Wandsworth Council has backed down over its plans to evict the mother of jailed looter Daniel Sartain-Clarke.

Maite de la Calva, from Chichester Way, Battersea, has been facing the threat of eviction from her council flat after her son was jailed this month for looting from Curry's in Clapham Junction in August.

But following a meeting with council officials today, Ms de la Calva and her legal team, from human rights charity Liberty, were told the council were not going to force her and her young daughter out.

Liberty lawyer Emma Norton, who represented Ms de la Calva, described the local authority as "heartless" and "bullies".

She said: "Wandsworth Council has finally seen sense and we’re delighted Maite and her daughter aren’t facing a future without a roof over their heads.

“But the appalling and heartless way the authority threatened this innocent family with eviction in the first place still beggars belief.

“Regardless of wealth, everyone is equal before the law and we’d urge any tenants subjected to such bullying by other authorities to contact Liberty.”

In the days after the August's riots, the council hit the national headlines when it became the first council in the country to threaten to evict a household if a family member was convicted of looting within the borough of Wandsworth.

Council leader, Councillor Ravi Govindia said he wanted the "strongest possible action" taken against rioters and looters.

He told the Daily Mail: "This council will do its utmost to ensure that those who are responsible pay a proper price. Ultimately this could lead to eviction from their homes.

"Our officers will continue to work with the courts to establish the identities of other council tenants or members of their households as more cases are processed in the coming days and weeks.

"Most residents on our housing estates are decent law-abiding citizens who will have been sickened at the scenes they witnessed on their TV screens this week.

"As much as anything else we owe it to them to send out a strong signal that this kind of violence will not be tolerated."

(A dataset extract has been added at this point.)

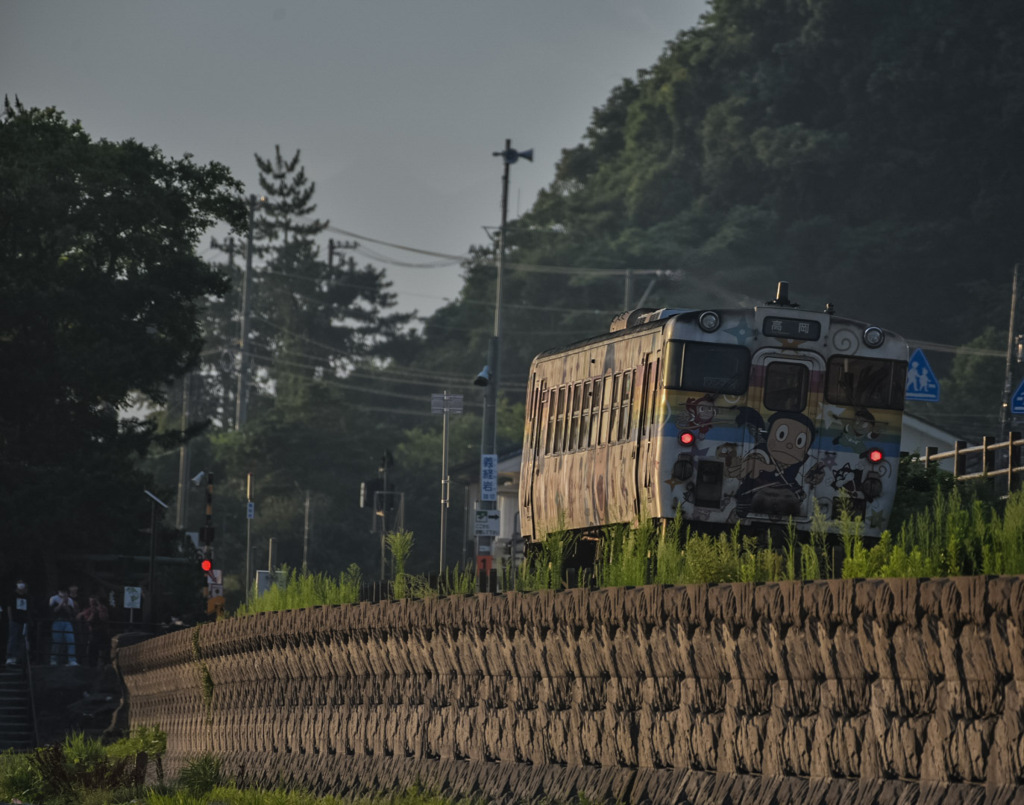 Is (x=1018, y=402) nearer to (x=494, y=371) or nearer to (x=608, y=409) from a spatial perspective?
(x=608, y=409)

Sartain-Clarke had moved out of his mother’s property earlier in 2011 but Ms de la Calva was still served with a Notice of Seeking Possession stating she was likely to have breached her tenancy agreement as a result of his actions.

The authority vowed to apply for an order of possession, evicting the innocent Ms de la Calva and her daughter, if her son was convicted.

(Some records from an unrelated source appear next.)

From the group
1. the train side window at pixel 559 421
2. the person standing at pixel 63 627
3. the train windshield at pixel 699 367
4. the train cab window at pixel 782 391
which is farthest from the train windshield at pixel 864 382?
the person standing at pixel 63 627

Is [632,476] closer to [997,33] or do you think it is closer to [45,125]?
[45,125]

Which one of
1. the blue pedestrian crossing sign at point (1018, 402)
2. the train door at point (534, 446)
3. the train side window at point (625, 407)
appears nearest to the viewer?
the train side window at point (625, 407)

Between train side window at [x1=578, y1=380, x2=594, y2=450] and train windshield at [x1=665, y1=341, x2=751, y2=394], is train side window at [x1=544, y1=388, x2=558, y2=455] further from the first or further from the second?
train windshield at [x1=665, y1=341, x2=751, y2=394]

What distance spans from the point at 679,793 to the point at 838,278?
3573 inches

The threat came despite Ms de la Calva’s contribution to her local area over the last five years.

She is described as a credit to her housing estate by neighbours and spends her limited spare time volunteering for a youth charity and working with domestic violence victims.

Labour councillor Tony Belton, who supported the family through their ordeal, said: “I am delighted that Maite has had the report withdrawn from her. I am still annoyed that the council felt it necessary to put the family and mother through five months of stress.

In a text message to Coun Belton this afternoon Ms de la Calva wrote: “Great news not going to be evicted. Can’t express the relief and the great pressure it has been on me.”

A Liberty spokesman: "Liberty agreed to represent her and fight any cynical attempt by council to punish her and her daughter for her son’s conviction.

"Ms de la Calva has committed no crime herself and would not have faced such a threat had she lived in a mortgaged house.

"Other authorities have since opted to follow Wandsworth’s example by using tenancy agreements and housing legislation to bully other vulnerable residents."